Matéria Corrida

Francisco Brennand (Recife, 1927-2019)

TEXTO José Cláudio

04 de Fevereiro de 2020

Detalhe de autorretrado pintado por Brennand (1997)

Detalhe de autorretrado pintado por Brennand (1997)

Pintura Reprodução

Antes que me esqueça, devo um grande muito obrigado ao pintor Francisco Brennand, maior do que teria coragem se ele estivesse vivo, por ter existido, na qualidade de grande artista de Pernambuco, por me surpreender sempre com apoio de todo tipo, encontrando oportunidade de me valorizar, me causando até sobressaltos, temendo eu se desvalorizasse ele próprio, comprometendo-se de tal modo. É que, diante da estatura moral e artística, nele uma coisa só, não há quem não se surpreenda.

Eu o conhecia desde os meus começos, através da admiração de Aberlado da Hora. Nessa época ele andava pela França, onde estudou com Léger. Hoje é difícil de avaliar o impacto que isso causava. A televisão nos transporta a todos os lugares. Jornais, revistas, nos trazem em cores, quadros e tudo o mais. Naquela época, década de 1950, conviver com quem já tinha ido lá onde as coisas aconteciam fazia grande diferença. Até o acesso a reproduções era fruta rara. No Memória do Atelier Coletivo cito uma visita que fizemos ao jornalista Otávio de Freitas para ver sua coleção Skira. Apesar disso, minha aproximação com o pintor Francisco Brennand partiu dele. Eu morava em Rio Doce, Olinda, quando vi foi ele entrar. Olhou meus quadros pelas poucas paredes e a partir daí nos escrevíamos, ao mesmo tempo em que podia visitá-lo na oficina sem constrangimentos, às vezes levado por Maria Carmen. Apesar da diferença diametral entre a minha importância e a dele, eu com o tempo todo tomado, batendo ponto na Sudene, aquele conhecimento valia muitíssimo para mim. O pior do matuto quando chega à capital, já dizia Joca Souza Leão, é não conhecer ninguém. Eu a essa altura já tinha passado um ano na Europa depois de bem dez anos fora de Pernambuco mas isso equivalia a ser um matuto desconhecido, tendo, em matéria de relacionamento, de recomeçar quase do zero. Ou pior, porque o fato de ter passado dez anos fora, na Bahia, em São Paulo, na Europa, fazia com que de antemão me olhassem com uma certa desconfiança: Pernambuco é assim.
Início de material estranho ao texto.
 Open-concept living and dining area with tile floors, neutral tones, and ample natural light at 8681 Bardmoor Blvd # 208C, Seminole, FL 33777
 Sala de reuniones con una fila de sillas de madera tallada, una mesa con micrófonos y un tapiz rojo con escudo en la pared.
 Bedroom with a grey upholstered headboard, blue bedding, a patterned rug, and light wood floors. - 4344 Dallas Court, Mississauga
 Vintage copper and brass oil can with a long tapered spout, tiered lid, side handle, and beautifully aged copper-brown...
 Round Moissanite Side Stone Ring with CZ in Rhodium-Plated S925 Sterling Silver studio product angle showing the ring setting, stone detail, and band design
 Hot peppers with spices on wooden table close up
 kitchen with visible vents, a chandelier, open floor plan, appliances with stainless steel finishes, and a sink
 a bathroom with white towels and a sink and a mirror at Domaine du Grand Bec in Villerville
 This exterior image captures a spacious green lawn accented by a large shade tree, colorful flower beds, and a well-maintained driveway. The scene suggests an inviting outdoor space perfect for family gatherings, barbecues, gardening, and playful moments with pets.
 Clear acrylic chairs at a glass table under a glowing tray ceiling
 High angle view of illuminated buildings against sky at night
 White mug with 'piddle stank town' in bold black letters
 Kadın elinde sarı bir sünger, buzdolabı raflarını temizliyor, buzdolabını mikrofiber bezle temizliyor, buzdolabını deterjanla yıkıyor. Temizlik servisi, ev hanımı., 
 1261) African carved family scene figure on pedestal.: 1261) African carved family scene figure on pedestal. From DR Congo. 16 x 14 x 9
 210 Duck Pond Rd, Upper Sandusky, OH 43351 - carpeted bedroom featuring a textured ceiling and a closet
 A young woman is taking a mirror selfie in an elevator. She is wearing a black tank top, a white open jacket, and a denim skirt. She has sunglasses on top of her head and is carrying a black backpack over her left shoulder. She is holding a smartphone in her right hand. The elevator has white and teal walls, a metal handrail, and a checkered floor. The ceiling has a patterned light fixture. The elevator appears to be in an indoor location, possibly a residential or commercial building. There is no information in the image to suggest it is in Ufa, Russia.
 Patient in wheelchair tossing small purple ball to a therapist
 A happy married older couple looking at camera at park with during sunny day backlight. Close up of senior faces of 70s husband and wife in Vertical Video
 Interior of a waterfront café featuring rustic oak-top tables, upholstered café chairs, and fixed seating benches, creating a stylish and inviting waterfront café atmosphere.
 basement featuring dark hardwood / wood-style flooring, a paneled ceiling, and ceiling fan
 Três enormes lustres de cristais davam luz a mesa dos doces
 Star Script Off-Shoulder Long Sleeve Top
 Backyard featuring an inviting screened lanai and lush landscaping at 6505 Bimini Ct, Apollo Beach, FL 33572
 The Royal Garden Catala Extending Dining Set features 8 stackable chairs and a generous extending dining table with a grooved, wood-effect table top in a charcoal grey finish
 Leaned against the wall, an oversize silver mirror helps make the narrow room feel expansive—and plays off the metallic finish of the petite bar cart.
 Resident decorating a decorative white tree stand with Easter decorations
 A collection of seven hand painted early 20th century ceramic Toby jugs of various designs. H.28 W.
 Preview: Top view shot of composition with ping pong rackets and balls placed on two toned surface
Aliás, nesse ponto, continuo matuto, sem saber nada de quem é quem no Recife, quem é parente de quem, quem é sócio de quem, quem joga em que time. Sempre acreditei que um dia poderíamos estar mais disponíveis. Mas a velhice tanto aproxima quanto atrapalha. Nós, velhos, temos que nos ocupar o tempo todo conosco, com nós próprios, porque temos mais viva a noção de que o tempo passa e do muito que temos a fazer, pedindo desculpa ao leitor por essa minha fração autoajuda.

Tiziano viveu 99 anos pedindo a Deus que lhe desse ao menos mais um dia de vida para pintar o quadro que lhe faltava para salvar sua obra. Gostaria de termos tido mais tempo a perder. Não para falar de grandes temas, e também, mas mais para amenidades, curiosidades das nossas vidas. Que eu quando estava em Roma vi todos os dias de manhã, quando ia para a Accademia di Belle Arti, Marcello Mastroianni conversando com os amigos, uma perna dobrada, a sola do sapato um pé na parede, na calçada estreita e ele até estirava a perna, botando na posição vertical para que eu pudesse passar. Até hoje me lembro de sua voz, sua risada, a capa de gabardine bege. Faltou dizer que um dia vi Giulio Turcato atravessando a rua. Que vi o pintor Morandi com o restaurador brasileiro do Vaticano; subimos só nós três no elevador. Brennand teria mil vezes mais dessas coisas para contar.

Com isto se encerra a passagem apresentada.